:: WORK REQUIRED ::
A faithful copy is required: transcribe each line below exactly, minus the pictures.

:: PROVIDED DATA ::
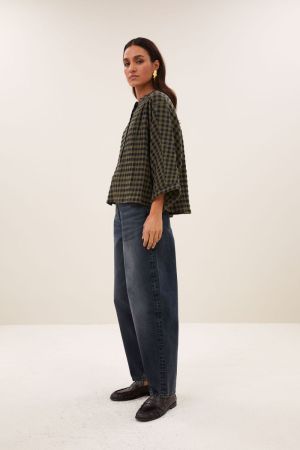 JESS BLOUSE OLIVE CHECK
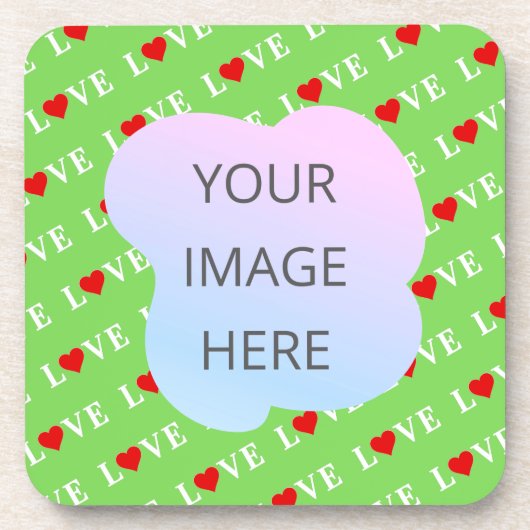 Lime Green LIEBE Getränkeuntersetzer (Vorderseite)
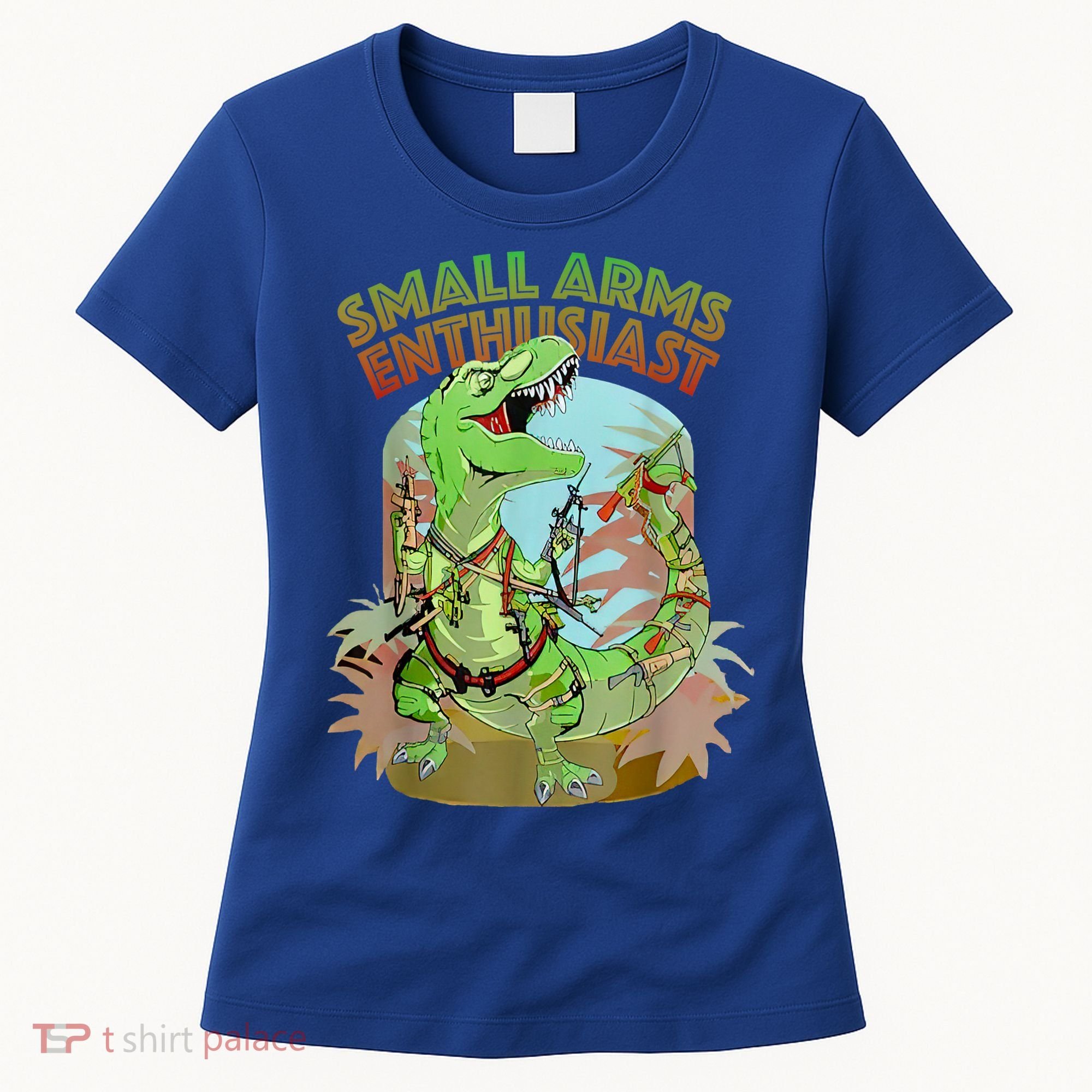 Small Arms Enthusiast Funny Trex Dinosaur Gun Women's T-Shirt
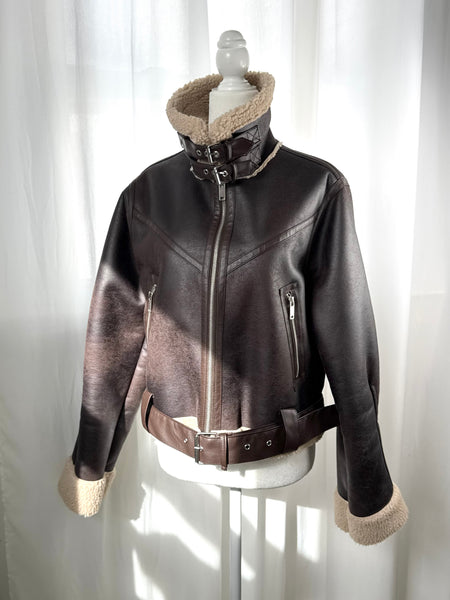 Brown Faux Suede Leather Shearling Jacket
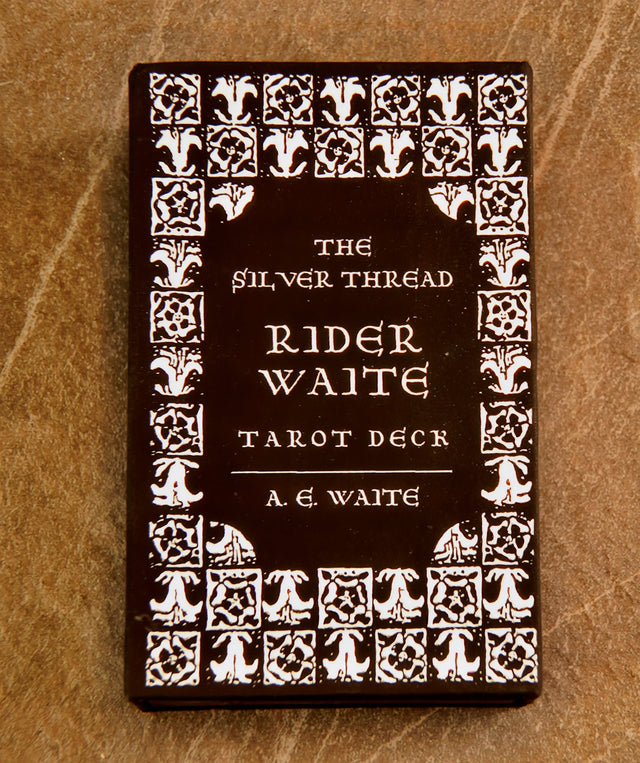 The image shows the cover of a tarot deck titled 'The Silver Thread Rider-Waite Tarot Deck' by A. E.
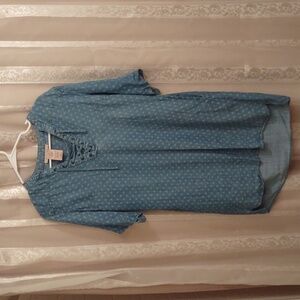 PHILOSOPHY Blue Denim Chambray Spring Lace Up Neck Short Sleeve Dress Size Small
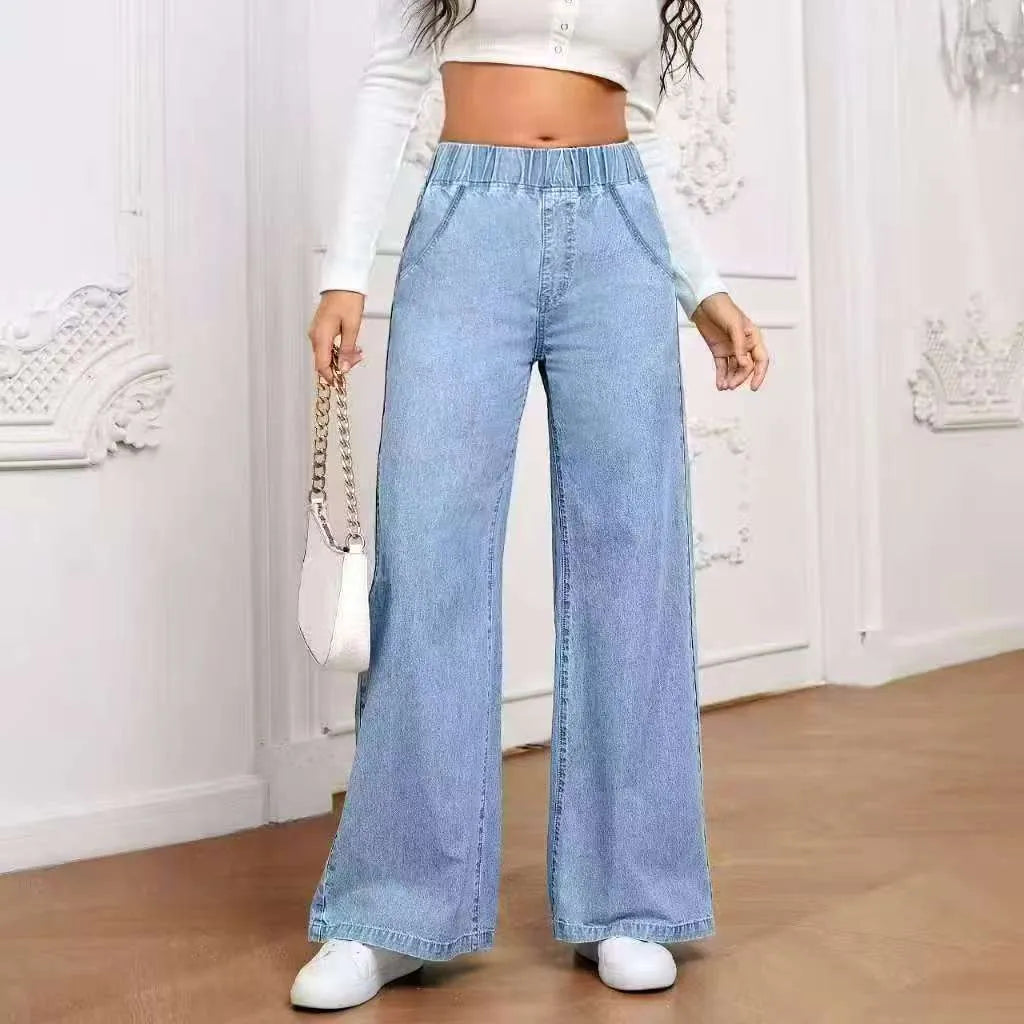 Women's light blue wide-leg denim jeans with straight cut and mid waist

:: WRITTEN ANSWER ::
 JESS BLOUSE OLIVE CHECK
 Lime Green LIEBE Getränkeuntersetzer (Vorderseite)
 Small Arms Enthusiast Funny Trex Dinosaur Gun Women's T-Shirt
 Brown Faux Suede Leather Shearling Jacket
 The image shows the cover of a tarot deck titled 'The Silver Thread Rider-Waite Tarot Deck' by A. E.
 PHILOSOPHY Blue Denim Chambray Spring Lace Up Neck Short Sleeve Dress Size Small
 Women's light blue wide-leg denim jeans with straight cut and mid waist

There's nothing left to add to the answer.